--- Data shown Enclosed Below ---
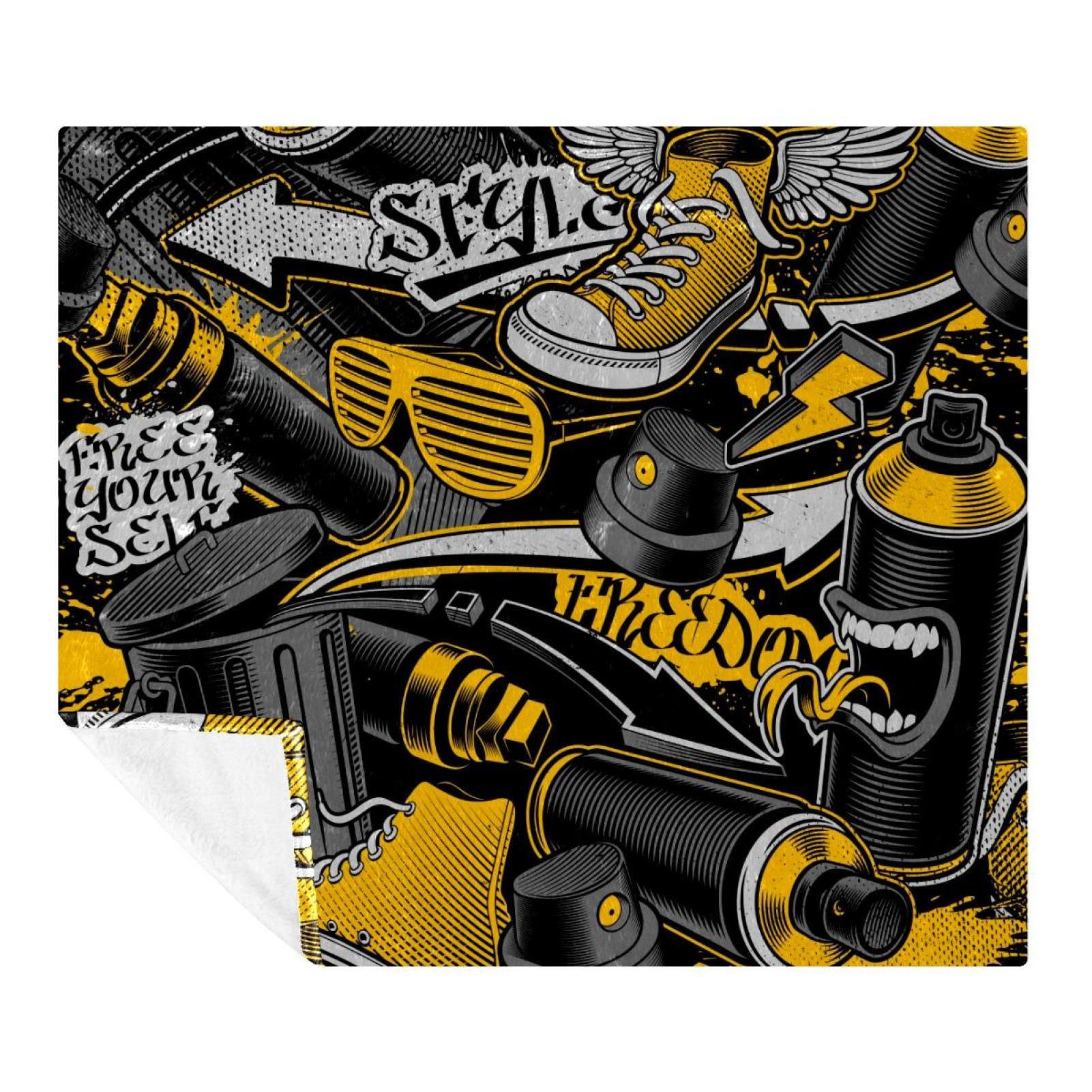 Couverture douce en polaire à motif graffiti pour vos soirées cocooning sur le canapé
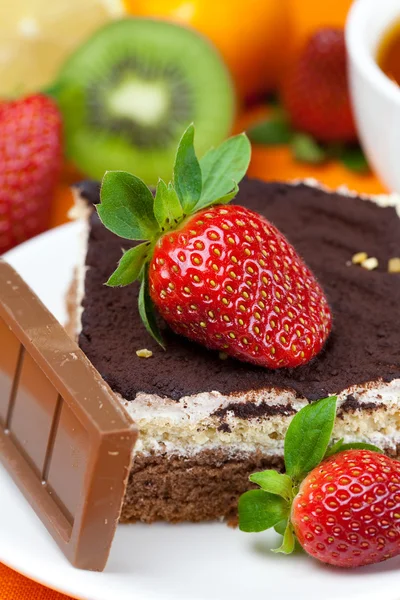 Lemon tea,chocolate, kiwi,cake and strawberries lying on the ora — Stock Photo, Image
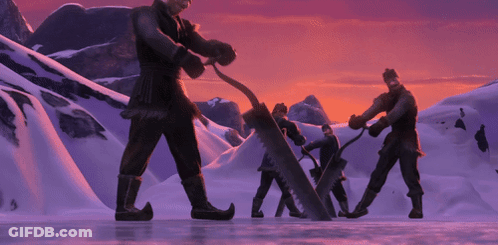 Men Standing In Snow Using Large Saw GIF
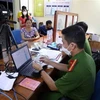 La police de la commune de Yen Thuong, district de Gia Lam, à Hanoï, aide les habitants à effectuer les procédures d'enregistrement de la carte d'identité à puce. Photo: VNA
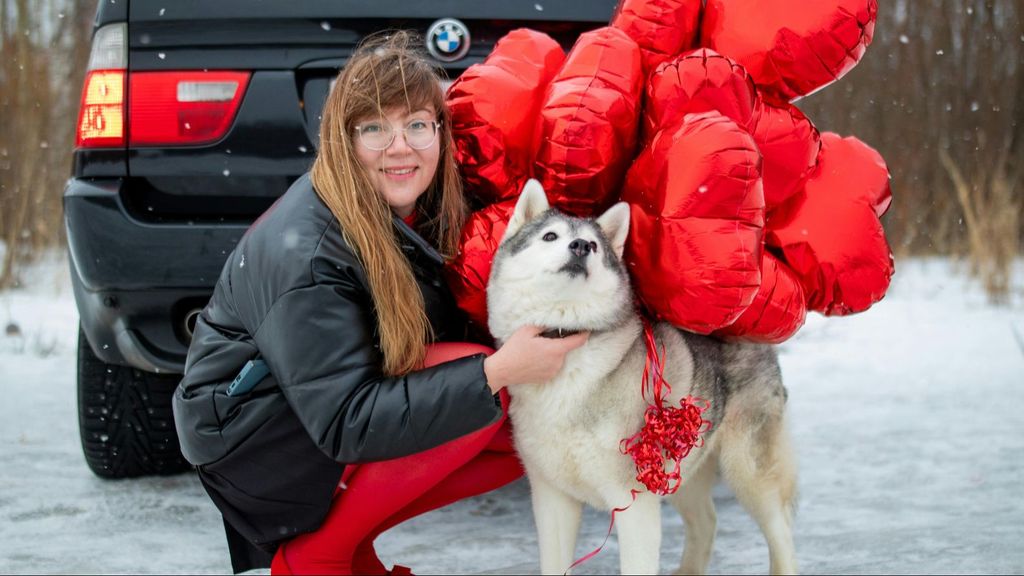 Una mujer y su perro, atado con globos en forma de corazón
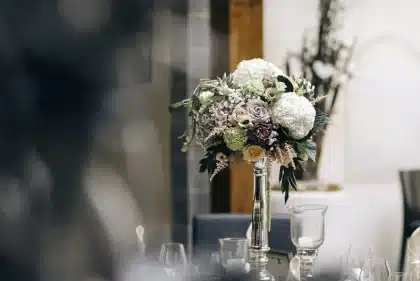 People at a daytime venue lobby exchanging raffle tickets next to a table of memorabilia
--- End of Enclosed Data shown ---
Work task: What is needed is a word-for-word copy of the lines from the start of the data to the line with "Men Standing In Snow Using Large Saw GIF", inclusive, with no pictures in it.

Response to this exercise:
 Couverture douce en polaire à motif graffiti pour vos soirées cocooning sur le canapé
 Lemon tea,chocolate, kiwi,cake and strawberries lying on the ora — Stock Photo, Image
 Men Standing In Snow Using Large Saw GIF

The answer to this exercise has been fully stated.